From the Moon to the Earth: Changing Perspectives

Kickstarting Environmentalism

Although some may think the main outcomes of space exploration are the inventions of Velcro and non-sticking pans, or the dreams of holidaying on Mars one day, it has by far more important effects.
First, it allows us to observe and understand both our origins and the principles of physics, energy, matter and time itself. Second, it advances the development of technologies and strategies that can help humanity thrive.
It also has a third consequence that was not foreseen by scientists and engineers: It widens our cosmic perspective, confronting us with the vastness of the universe. It offers a unique point of view to reflect on our home, and on humanity and its endeavors -- a point of view that significantly defined the environmentalist movement.
It's no coincidence that Earth Day (April 22) was established only 15 months after the publication of "Earthrise." The pacifist and activist John McConnell made flags with the iconic photograph and gave them to the people at the Moon watch of the Apollo 11 landing in 1969. He then had the idea of celebrating Earth Day, the first environmental festival. One year later, Earth Day was officially accepted and has been on our calendars since.
These new views of the Earth from space were an unforeseen revelation. The first missions to other worlds inspired interest in ecology and the protection of the Earth's environment. At the same time, scientific advances led to a greater understanding of the human impact on the planet.
For the first time, many realized that we had the potential to disrupt or even destroy Earth's life-support systems. The sense of environmental crisis was intensified by social and political turmoil, something we are seeing again today.

Spaceship Earth: The Bigger Picture

In 1969, the inventor and futurist Buckminster Fuller published a striking metaphor for a new ideal of planetary management in a book entitled Operating Manual for Spaceship Earth. Fuller famously proclaimed, "We are all astronauts," and argued that techniques developed for managing life in space should be transferred and applied to globally scaled environmental problems on Earth. "We are not going to be able to operate our Spaceship Earth successfully nor for much longer unless we see it as a whole spaceship and our fate as common.
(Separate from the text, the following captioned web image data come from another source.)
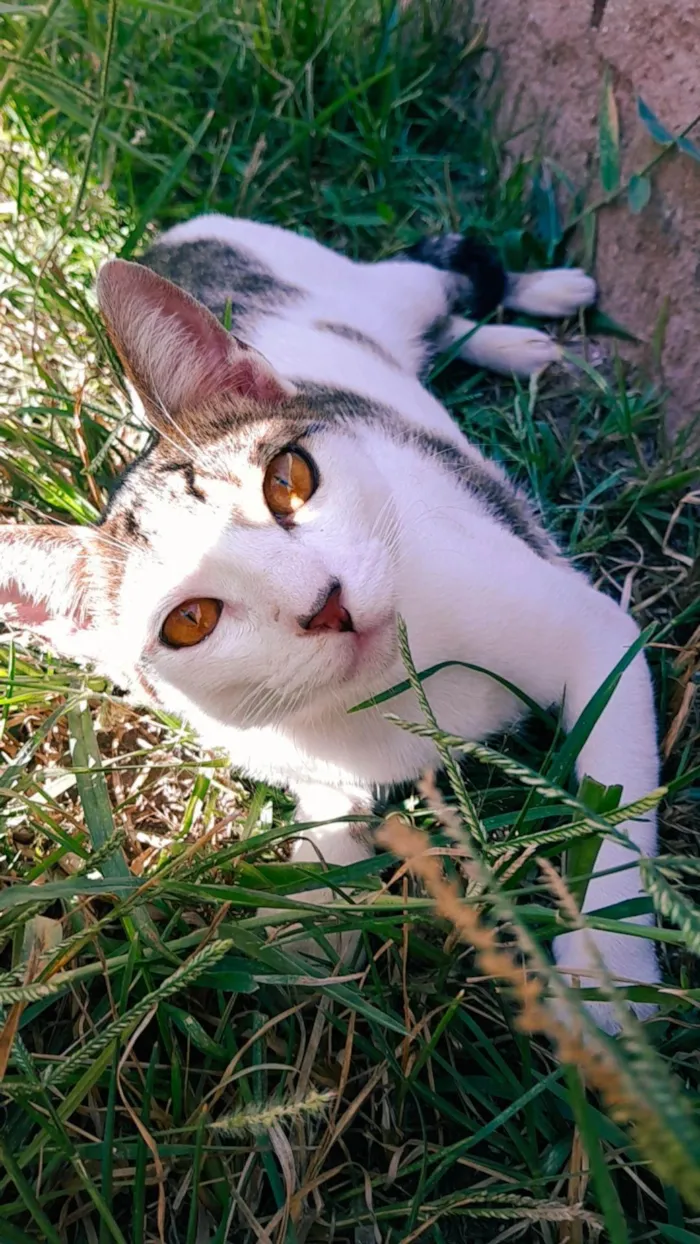 Gato ra a SRD-ViraLata idade 7 a 11 meses nome Salvatore 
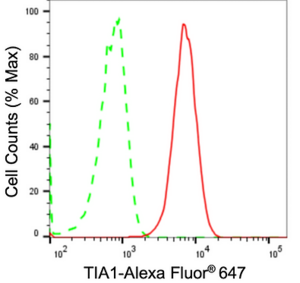 KD-Validated Anti TIA1 Antibody, clone 24GB2175, Rabbit Monoclonal clone 24GB2175, recombinant rabbit monoclonal, expressed in HEK293 cells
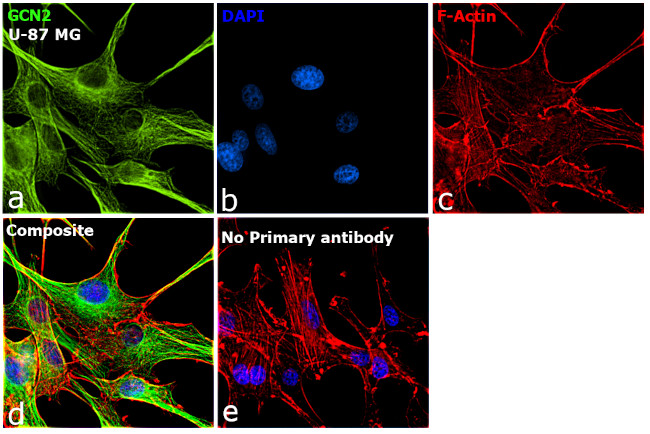 GCN2 Antibody in Immunocytochemistry (ICC/IF)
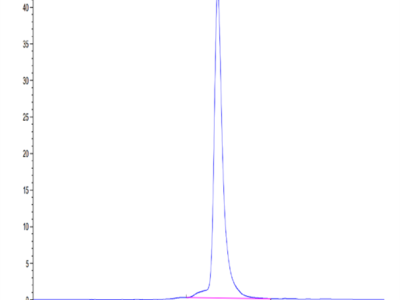 Mouse CD8 alpha/CD8A Protein (CD8-MM18A)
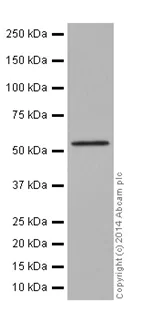 Western blot - Anti-ATP6V1B1 + ATP6V1B2 antibody [EPR16401] (AB200839)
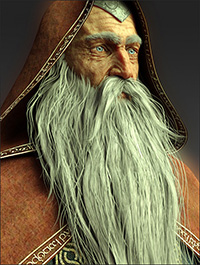 Wise Wizard Beard for Genesis 8 Male(s)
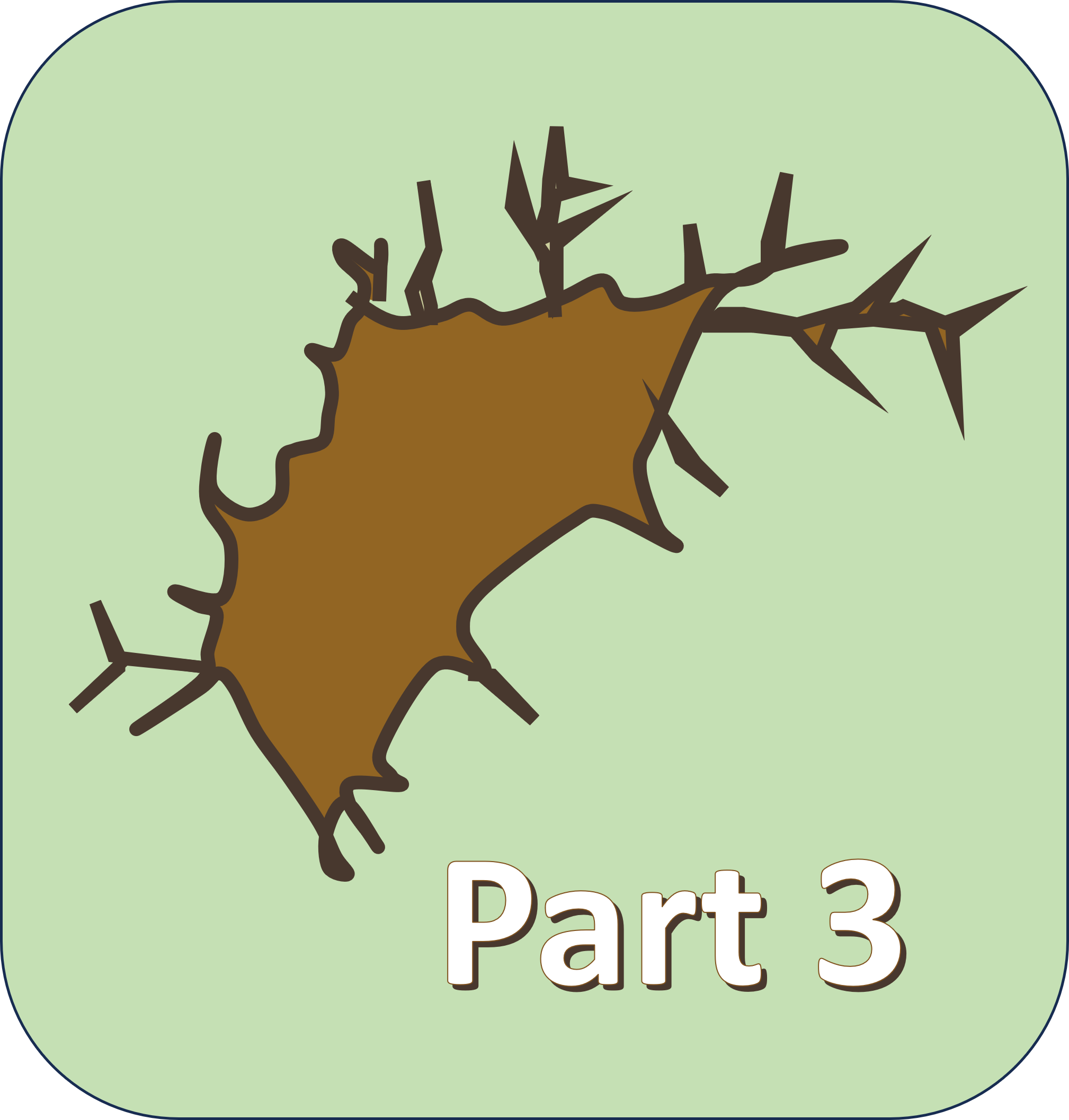 Part 3 cells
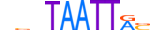 DLX1.H13INVITRO.1.PSM.A motif logo (DLX1 gene, DLX1_HUMAN protein)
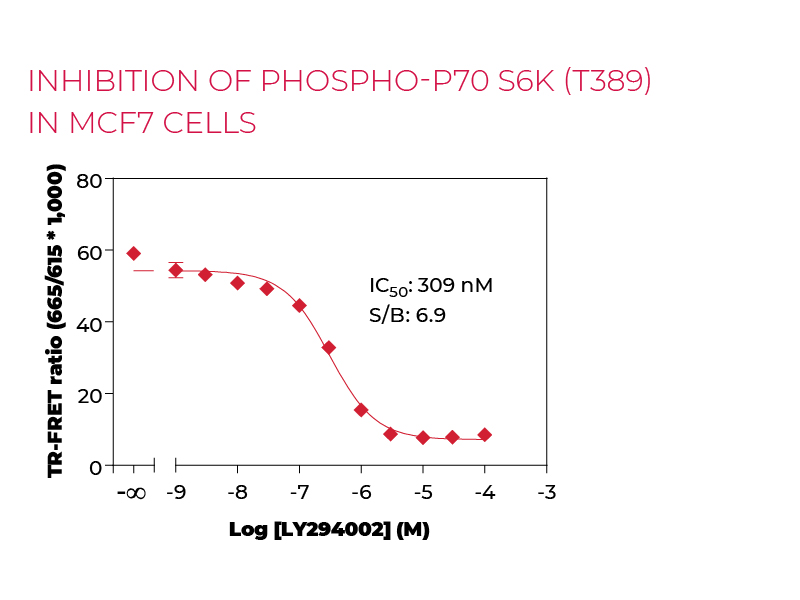 Inhibition of Phospho-P70 S6K (T389) in MCF7 cells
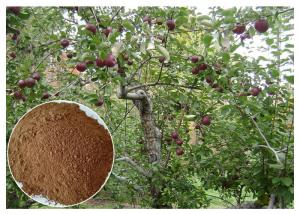 Quality anti-bacterial Phloridizin Apple Tree Root & Bark Extract for dietary supplement for sale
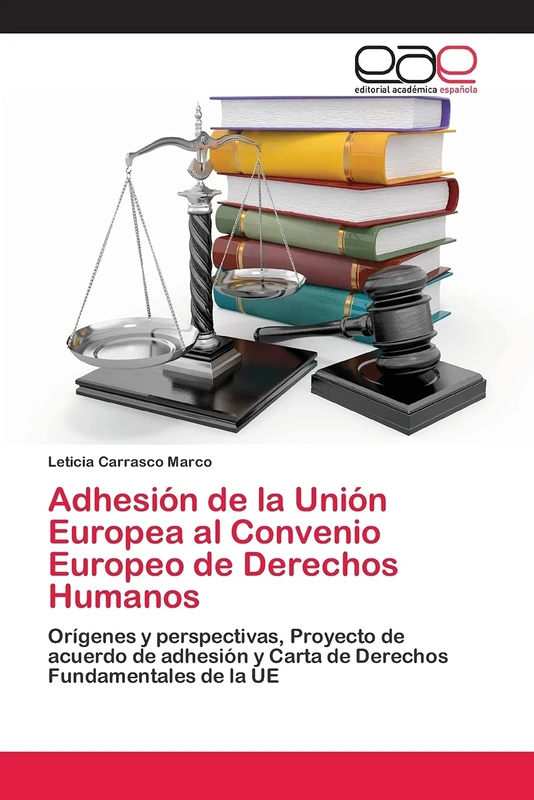 Adhesión de la Unión Europea al Convenio Europeo de Derechos Humanos: Orígenes y perspectivas, Proyecto de acuerdo de adhesión y Carta de Derechos Fundamentales de la UE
It has to be everybody or nobody."
More books followed -- like The Closing Circle (1971) in which Barry Commoner declared his famous four ecological laws, The Limits to Growth (1972) or Only One Earth: The Care and Maintenance of a Small Planet (1972) -- to tackle the big question of what would be required for humanity to continue to thrive.
Former NASA employee James Lovelock and biologist Lynn Margulis released the Gaia Hypothesis in 1974, a piece that proposed to look at planet Earth as a living organism, an integrated entity with interlinking geological and biological processes. Despite the initial resistance from the scientific community, the Gaia hypothesis generated many thought-provoking questions and helped to stimulate a holistic approach to studying Earth.
With intellectual audacity, the authors of these books on sustainability at the time were all big-picture, interdisciplinary thinkers. They offered a path-breaking analysis of the challenge of raising living standards for the poor without degrading the environment.


Developed nations needed to acknowledge the damage that they were inflicting on the biosphere and accept that their fate was inseparable from the prospects of the rest of the world. It was clear that many environmental threats were global; planetary interdependence had to become a moral and political reality, not just a hard and inescapable scientific fact.